BRADY: I actually think that our relationship functions especially well when we’re working together. I understand it’s not like that for everyone, but we have different strengths, interests and perspectives, so, when we sit down to write a screenplay that Mona intends to direct, I’m writing for her, in service of her vision for the project, and vice versa. We know that it’s very difficult to serve more than one master, and that’s usually what makes projects come apart at the seams. But we know each other very well, better than most, so we really respect that the ship ultimately has one captain. We also try not micro manage our department heads, we really encourage everyone to do what they do best, and we have a lot of conversations with our collaborators. For me directing is like conducting, you’re working with an orchestra of extremely qualified pros, and you are just adjusting the volume, to some extent.
Q: You produced and financed your last two movies independently and on extremely low budgets. Is that because you wanted to protect your vision from studios interference?
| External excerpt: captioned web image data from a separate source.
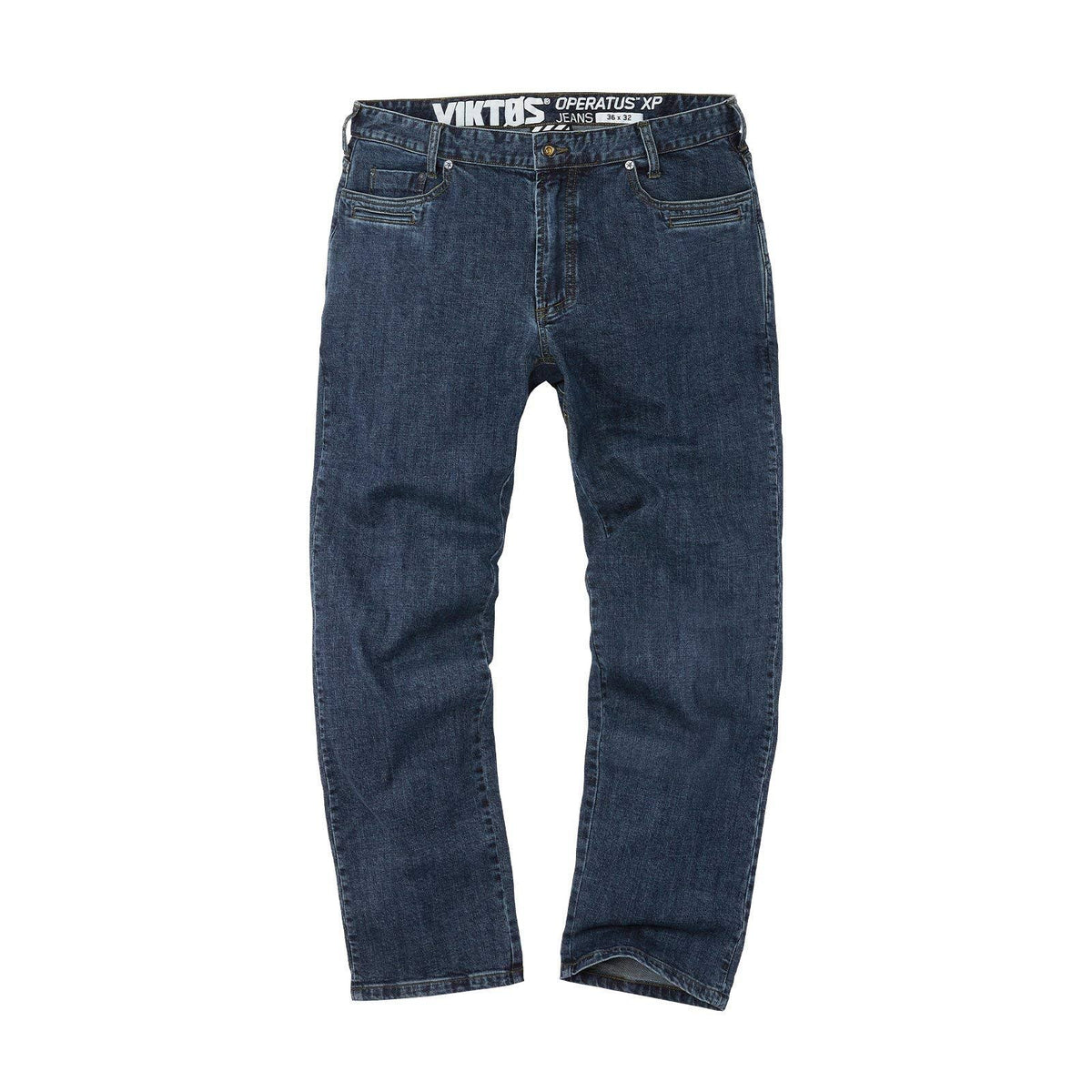Dark Blue Tactical Jean X127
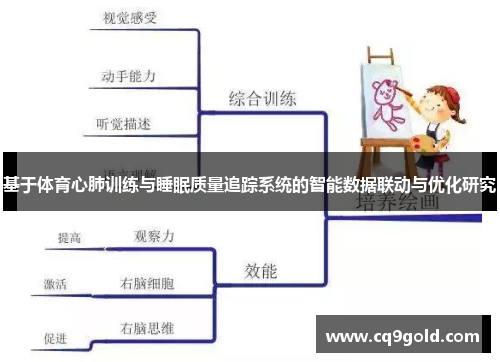基于体育心肺训练与睡眠质量追踪系统的智能数据联动与优化研究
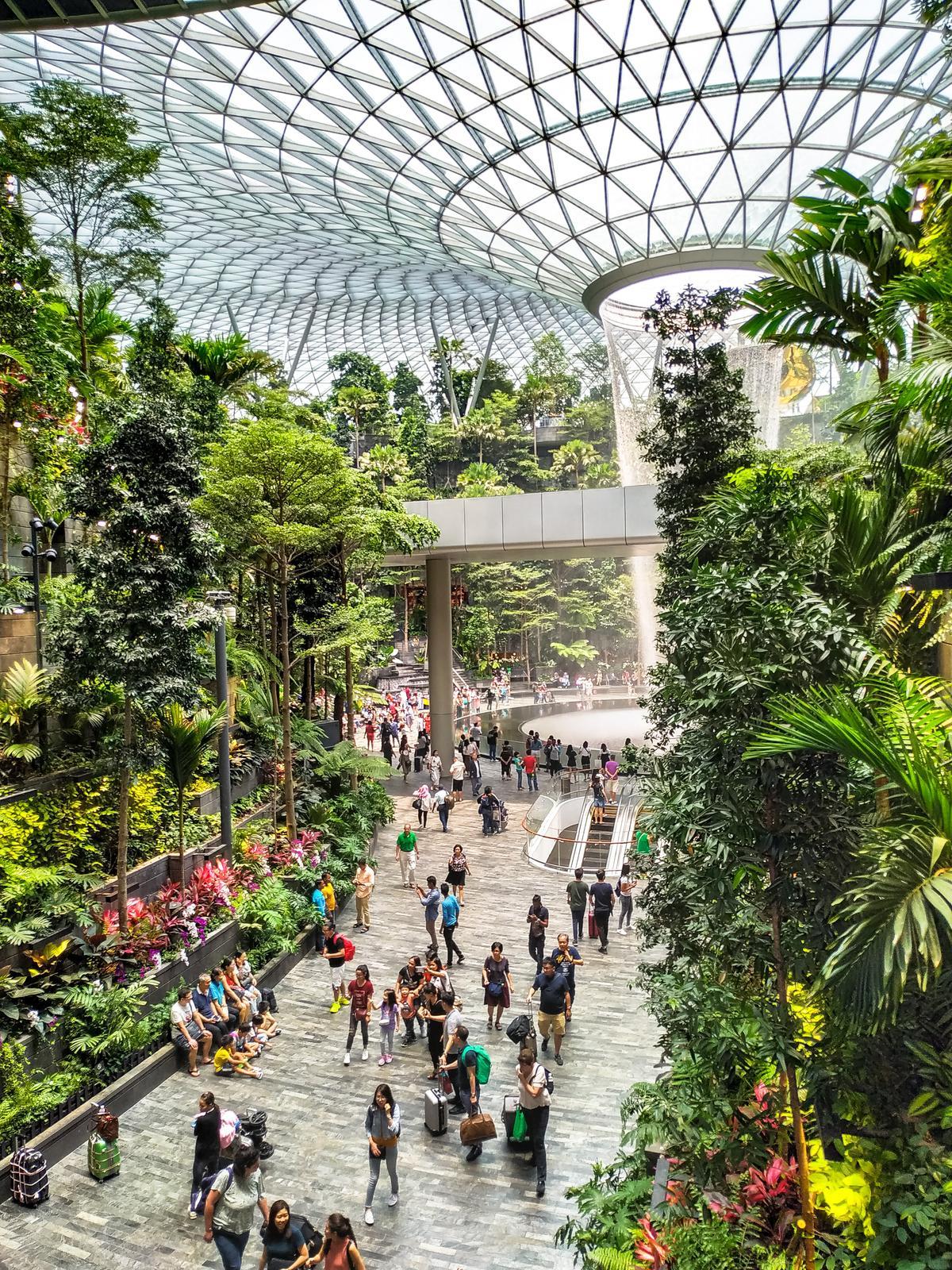 Why Singapore is a Great Study-Abroad De...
BRADY: Our films are difficult to bring to market, because the marketplace only evaluates them based on the success of other projects, and that has resulted in making films pretty tedious to watch nowadays. Not all the time, of course there are exceptions to the rule, but as a cinephile, there are not as many daring experiences as there were in the 1970s from filmmakers like Ken Russell or Peter Weir or Peter Watkins. We pride ourselves in trying to push the medium a little bit further forward than we found it, we want to bring new and fresh experiences to viewers, because we don’t want to retread in the footsteps of filmmakers of a bygone era. This is all in pursuit of a new language, in the process of being in dialogue with the past. We are constantly doing our best to leave a medium that we cherish and love so much in a better place than where we found it, which is our job as cultural gatekeepers. We are mostly focused on our 11-year-old daughter (Ada) inheriting a better culture than the one that we grew up with. That’s the idea, that’s where we’re coming from, in a philosophical perspective. And some days, that’s easier than others, but we’re doing our best within the parameters of an uber-capitalist monopoly that we’re all living and working under in the United States.